_WHAT IS EXPECTED_. Print the listing below only from the line that has "A rectangular, leaded" through the line that has "Fried tempura pod", exactly, and drop any picture.

_MATERIAL SUPPLIED_.
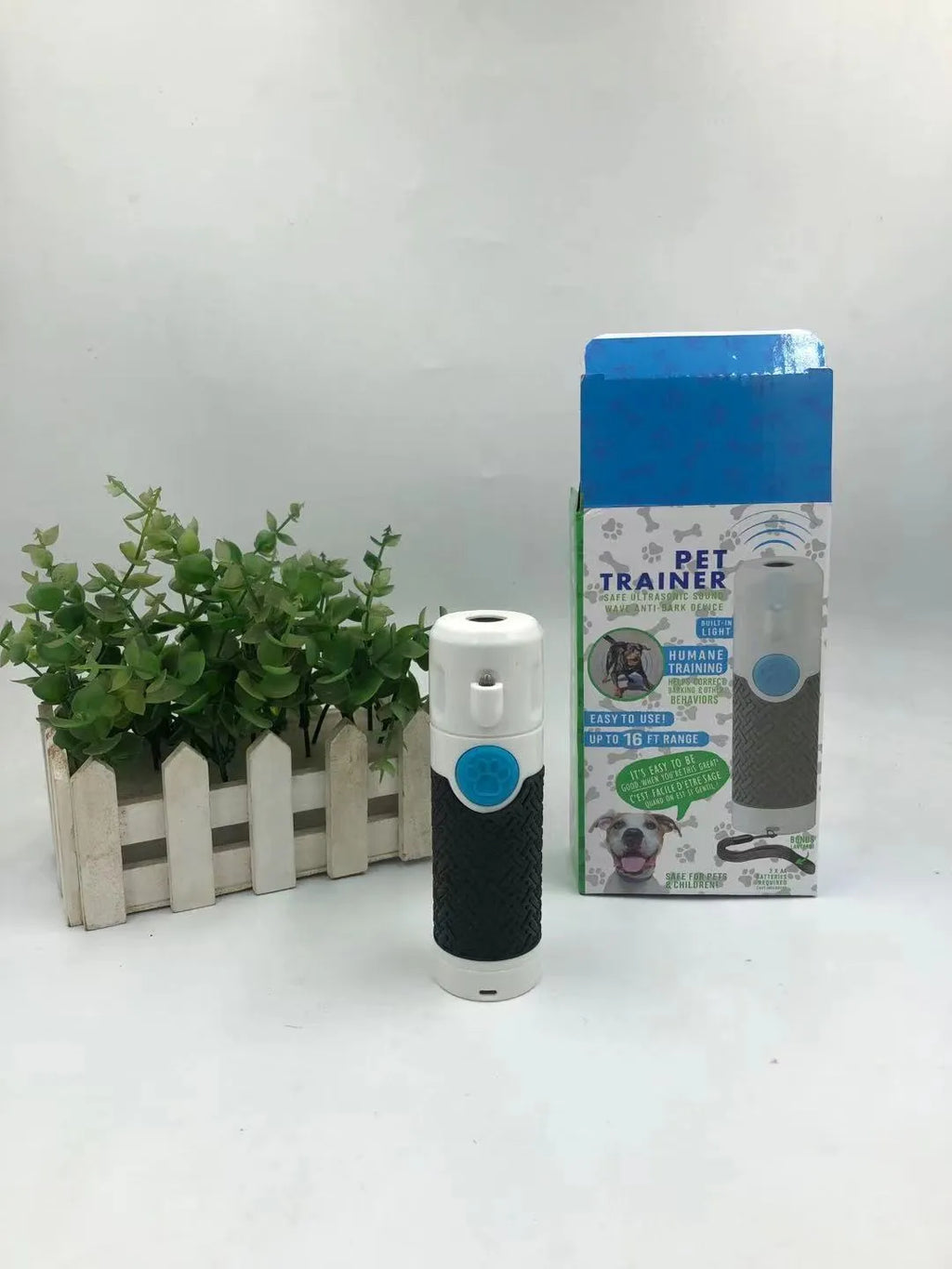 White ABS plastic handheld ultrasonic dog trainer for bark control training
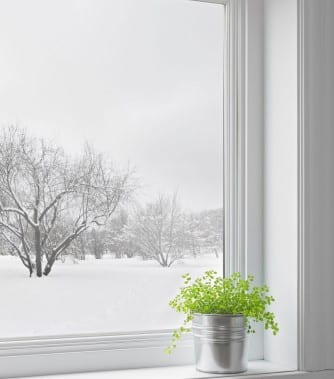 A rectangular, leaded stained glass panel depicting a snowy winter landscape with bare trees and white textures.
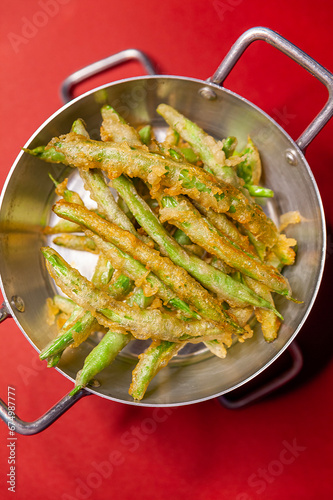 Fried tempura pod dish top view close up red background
...
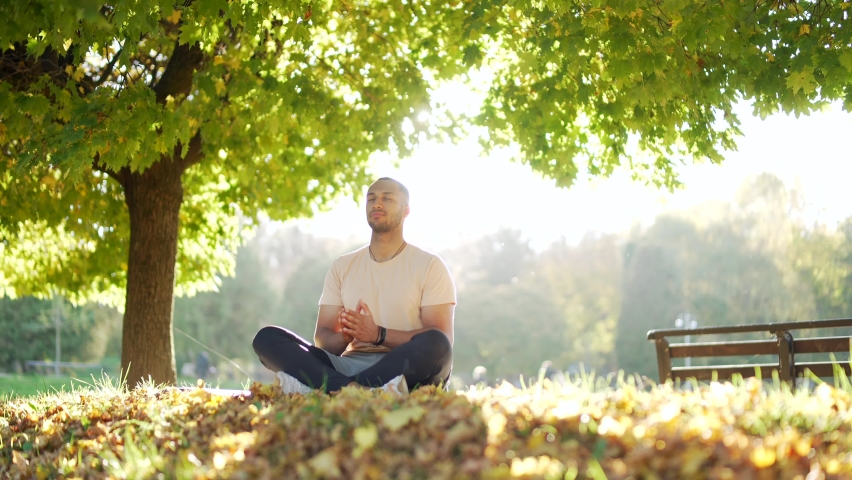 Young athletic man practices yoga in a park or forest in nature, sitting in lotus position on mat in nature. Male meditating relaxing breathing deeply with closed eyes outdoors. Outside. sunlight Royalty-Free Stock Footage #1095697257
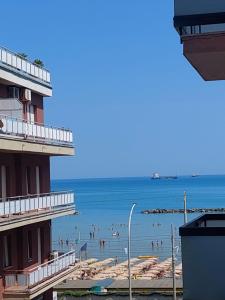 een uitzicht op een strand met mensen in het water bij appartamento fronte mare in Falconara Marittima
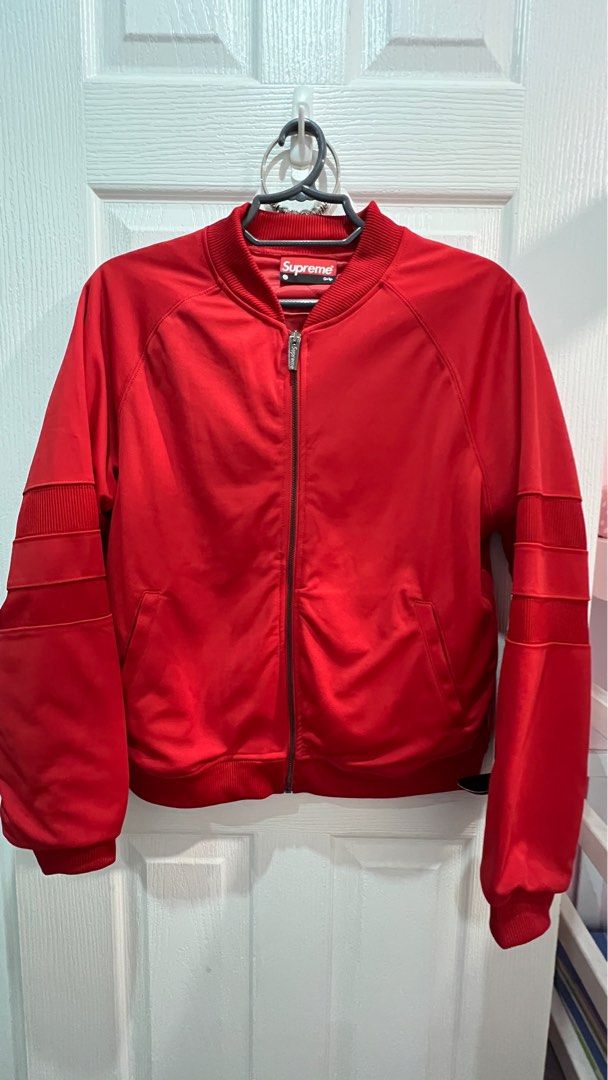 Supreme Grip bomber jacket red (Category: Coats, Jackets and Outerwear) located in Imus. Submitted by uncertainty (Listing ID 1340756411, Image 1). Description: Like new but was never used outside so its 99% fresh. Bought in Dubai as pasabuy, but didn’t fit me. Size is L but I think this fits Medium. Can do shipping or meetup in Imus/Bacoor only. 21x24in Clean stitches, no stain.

_EXERCISE OUTPUT_.
 A rectangular, leaded stained glass panel depicting a snowy winter landscape with bare trees and white textures.
 Fried tempura pod dish top view close up red background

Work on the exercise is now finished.